04 gennaio 2018

I CONTROLLI SULLA SICUREZZA DEGLI ALIMENTI IN ITALIA SVOLTI DAI DIVERSI ORGANI: ANNO 2016

Il Ministero della Salute ha recentemente pubblicato la Relazione annuale 2016 al PNI.

La relazione fornisce un quadro di insieme dei risultati delle attività svolte direttamente sulle produzioni alimentari e di quelle relative ad altri ambiti di interesse che, direttamente o indirettamente, possono influenzare il livello di sicurezza delle produzioni agroalimentari e zootecniche. Tale principio è alla base del PNI (Piano Nazionale Integrato dei controlli sulla sicurezza alimentare), che delinea l'intero Sistema dei controlli ufficiali in materia di alimenti, mangimi, sanità e benessere animale, sanità delle piante e ambiente.

In Italia i controlli sulla sicurezza degli alimenti vengono svolti da diversi organi di controllo: i Servizi Veterinari e di Igiene degli Alimenti (SIAN) delle Aziende Sanitarie Locali in qualità di Autorità Competente Locale per la sicurezza alimentare, l'Ispettorato centrale repressione frodi del Ministero per le Politiche Agricole Alimentari e Forestali, i reparti specializzati del Comando Carabinieri (NAS E NAC), il Corpo Forestale dello Stato, le Capitanerie di porto e la Guardia di Finanza, i Posti di ispezione frontaliera (PIF), gli Uffici di Sanità Marittima Aerea di Frontiera (USMAF), l'Agenzia delle Dogane e dei Monopoli, nonchè l'Istituto Superiore di Sanità ed i Laboratori degli Istituti Zooprofulattici Sperimentali per l'esecuzione delle analisi sui campioni preevati.

I dati relativi ai controlli effettuati in Italia nel 2016 per garantire la sicurezza degli alimenti sono riportati nell'infografica seguente, da cui emerge che la maggior parte dei controlli (417.496 tra ispezioni e audit, oltre al prelievo di campioni per un totale di 98.995 analisi) viene eseguita dal personale dei Servizi Veterinari e di Igiene degli Alimenti delle ASL, considerando la sola l’attività di controllo ufficiale sulle attività di produzione, distribuzione e somministrazione di alimenti e bevande.

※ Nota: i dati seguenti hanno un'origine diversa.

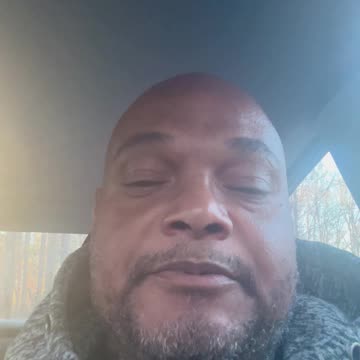 Be the Lord of my life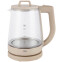 Чайник BQ KT1001G Beige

I dati pubblicati dal Ministero evidenziano un trend che vede una diminuzione del numero di controlli svolti dalle ASL, passati negli ultimi anni da oltre 1 milione a poco più di 400 mila, a fronte di un aumento di quelli svolti da altri organi di controllo (in particolare Capitaneria di porto e Uffici di Sanità Marittima Aerea di Frontiera USMAF). Tale fenomeno è probabilmente da ascrivere alle crescenti pressioni, a cui sono sottoposti i servizi delle ASL, per la valutazione di efficacia ed appropriatezza degli interventi di controllo ufficiale previsti sia dai Regolamenti europei sui controlli ufficiali sia nell'ambito del Piano Nazionale della Prevenzione all'interno del quale è confluito il Piano Nazionale integrato dei controlli sulla sicurezza alimentare, che stanno portando ad una riduzione degli interventi non dimostratamente efficaci o ridondanti che si rende necessaria anche a causa di una riduzione progressiva degli organici.

Esulano da questa esigenza i controlli svolti nell'ambito di attività di indagine o di Polizia Giudiziaria che dovrebbero rappresentare gran parte delle attività svolte dagli altri organi di controllo.